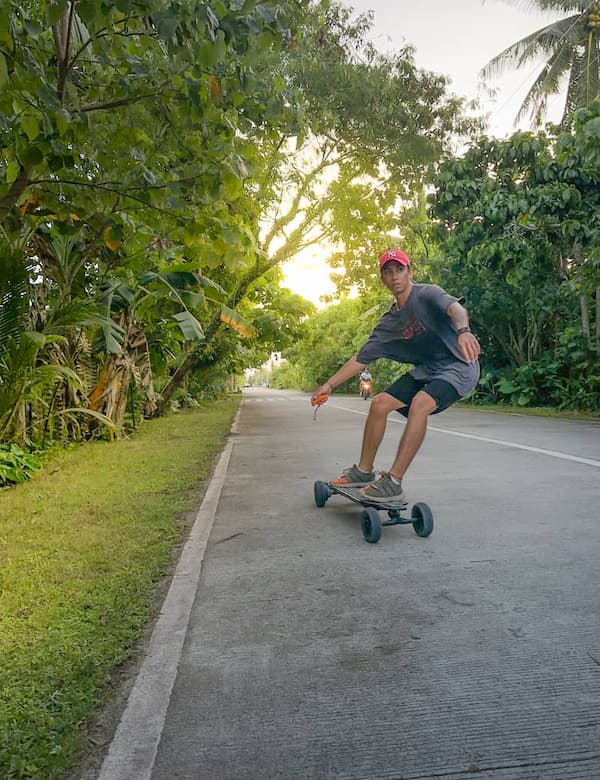 Matt, eSkate guide, riding an electric skateboard on the coastal road in Siargao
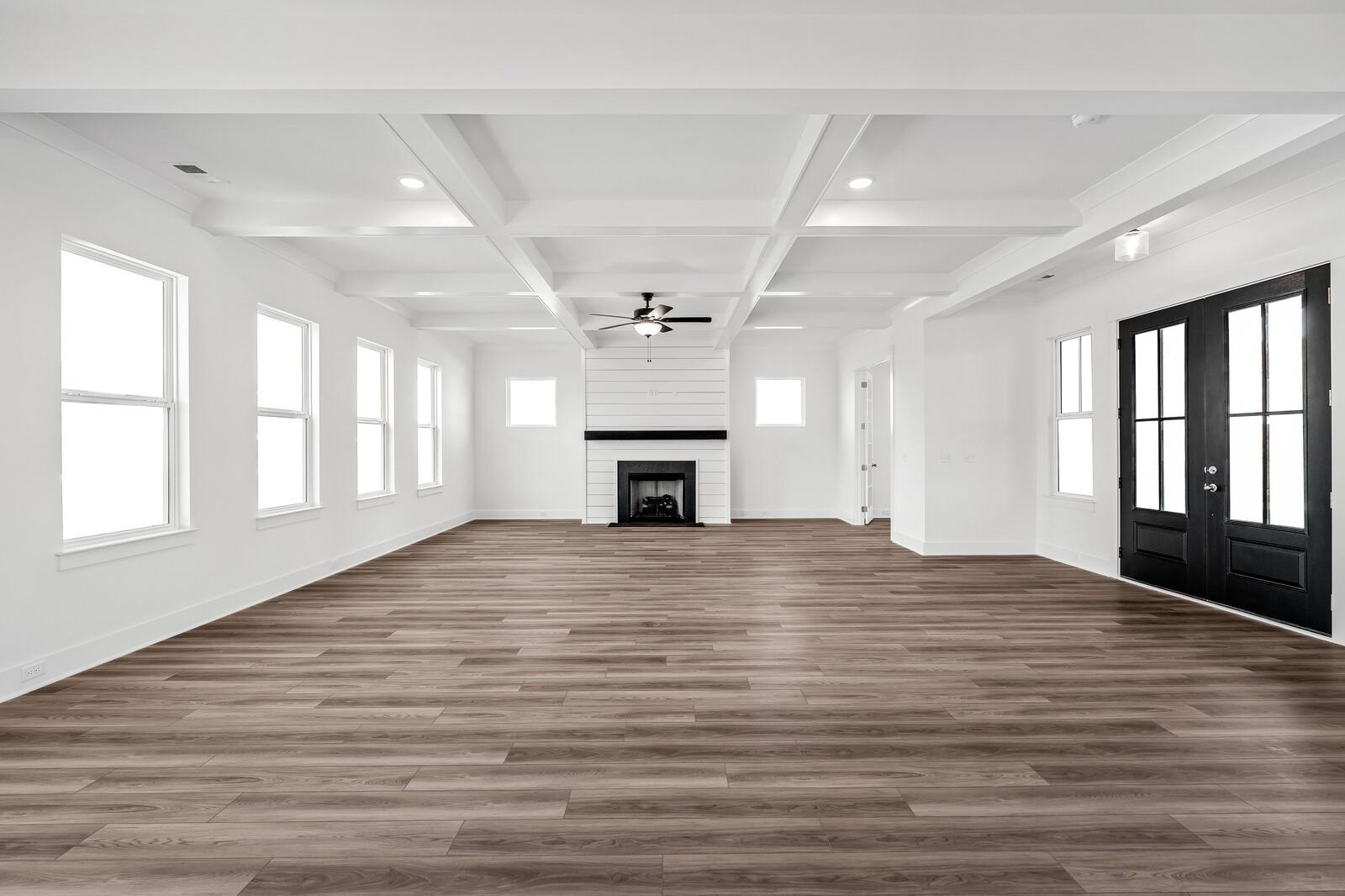 Spacious living room with beamed ceiling, ceiling fan, modern fireplace, and hardwood floors in Davidson Homes The Alston A, Murfreesboro, TN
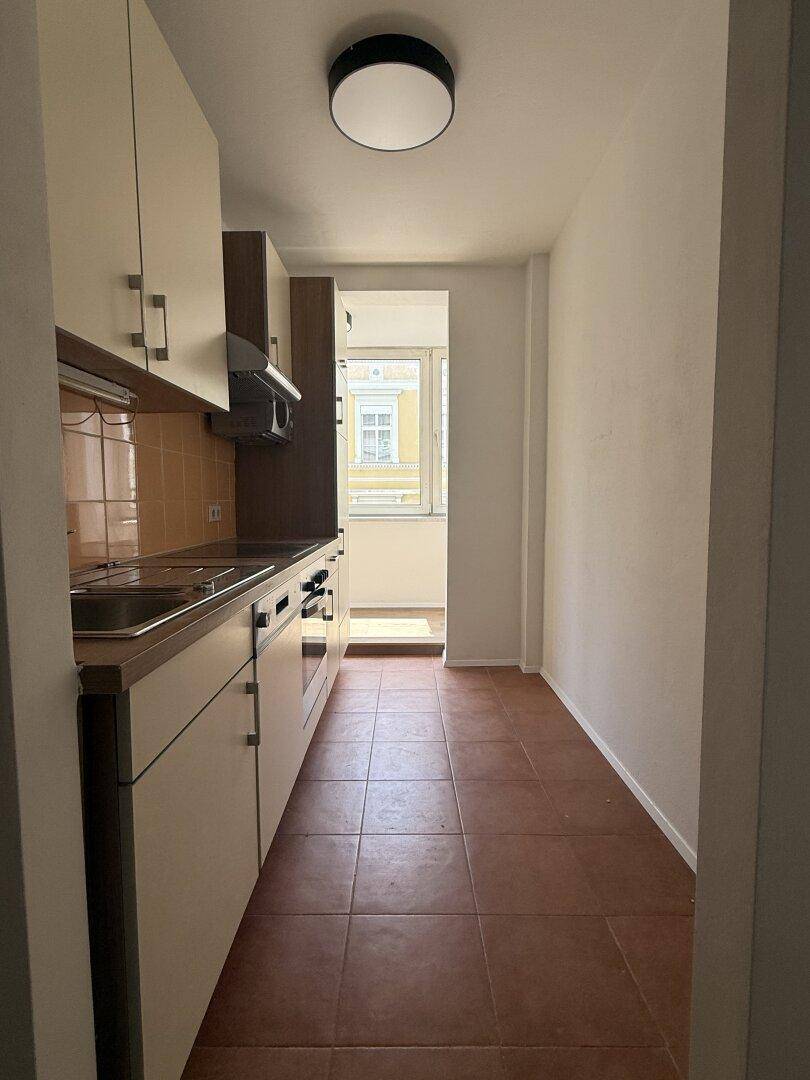 Schmale Küche mit Einbauschränken, Herd und Blick durch das Fenster auf die Straße, funktional eingerichtet.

....

• **Instructions for the task**: Write out the listing above exactly, images omitted.

• **Task output**:
 Matt, eSkate guide, riding an electric skateboard on the coastal road in Siargao
 Spacious living room with beamed ceiling, ceiling fan, modern fireplace, and hardwood floors in Davidson Homes The Alston A, Murfreesboro, TN
 Schmale Küche mit Einbauschränken, Herd und Blick durch das Fenster auf die Straße, funktional eingerichtet.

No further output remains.